Illinois law increases fee to help pay for squad cars

| Tuesday, July 11, 2006

Gov. Rod Blagojevich signed a bill into law Friday, July 7, that will help the Illinois State Police and local law enforcement agencies replace squad cars and maintain current vehicles.

Earlier this year, Blagojevich proposed replacing 500 State Police patrol cars in the fleet of more than 2,300.

The new law, previously SB1089, requires people who opt for court supervisions for traffic violations to pay $25 if convicted of the offense – $20 would go to the police agency that issued the citation. Supervisions are not available to commercial driver’s license holders.

The fee will generate about $15 million for the purchase of more than 500 new squad cars next year to be divided between the State Police and local law enforcement agencies.

“Our police work hard to keep the public safe. But they can’t effectively patrol our roads and respond to emergencies without safe and reliable vehicles,” Blagojevich said in a written statement.

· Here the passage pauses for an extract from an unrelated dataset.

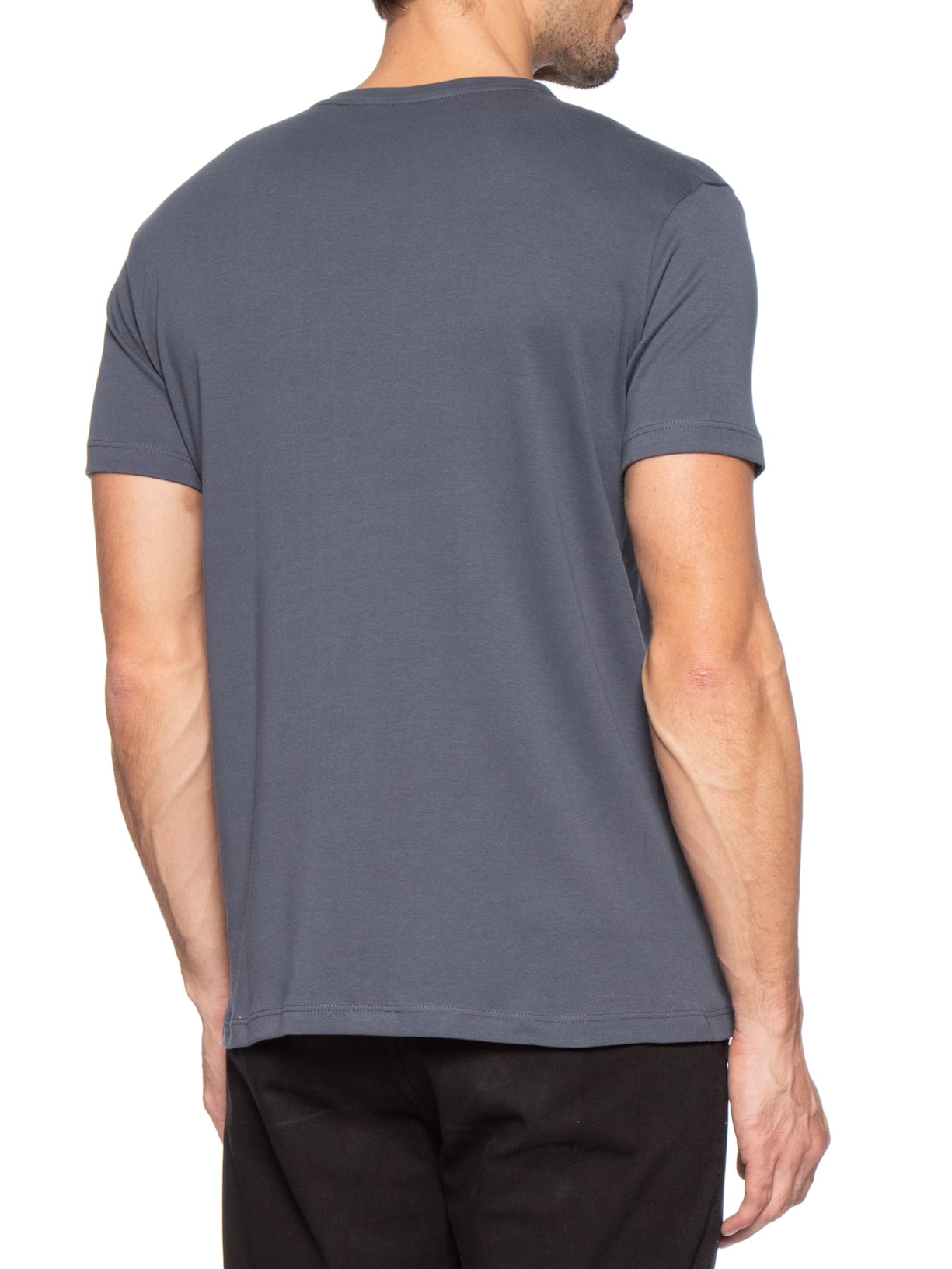 Camiseta Masculina Básica Em Algodão Egípcio Suedine Cinza Pineapple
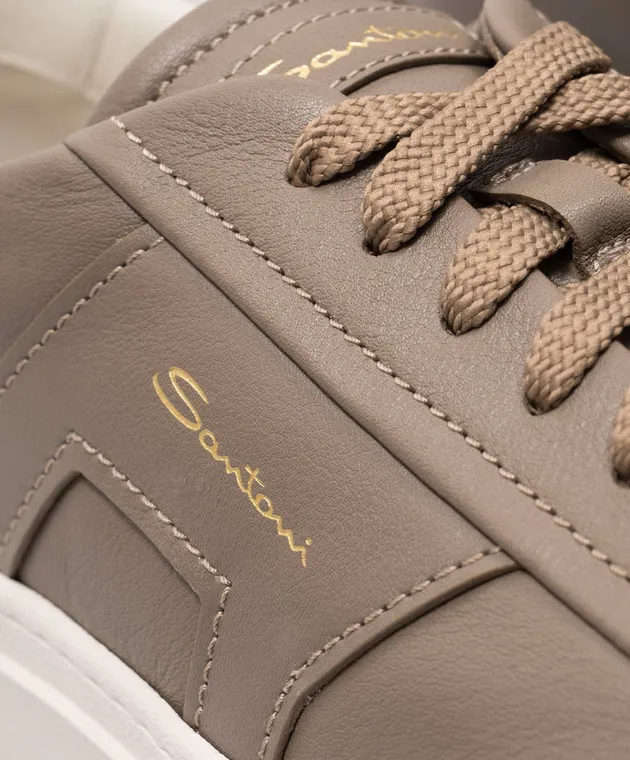 Santoni Beige leather trainers with logo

Two efforts that also sought to provide more money to replace patrol cars, however, failed to gain passage in the General Assembly.

One bill would have added a $25 fee to the cost for traffic violators who are arrested. Another bill would have added a $5 fee to all speeding convictions.

Supporters of the measure signed by the governor say Illinois is one of the few states without a strict replacement program for its squad cars. Master Sgt. Rick Hector told the Chicago Tribune that the agency ideally would replace cars after they’ve reached 80,000 miles. But a majority of the fleet has more than 100,000 miles.

The new law takes effect Jan. 1, 2007.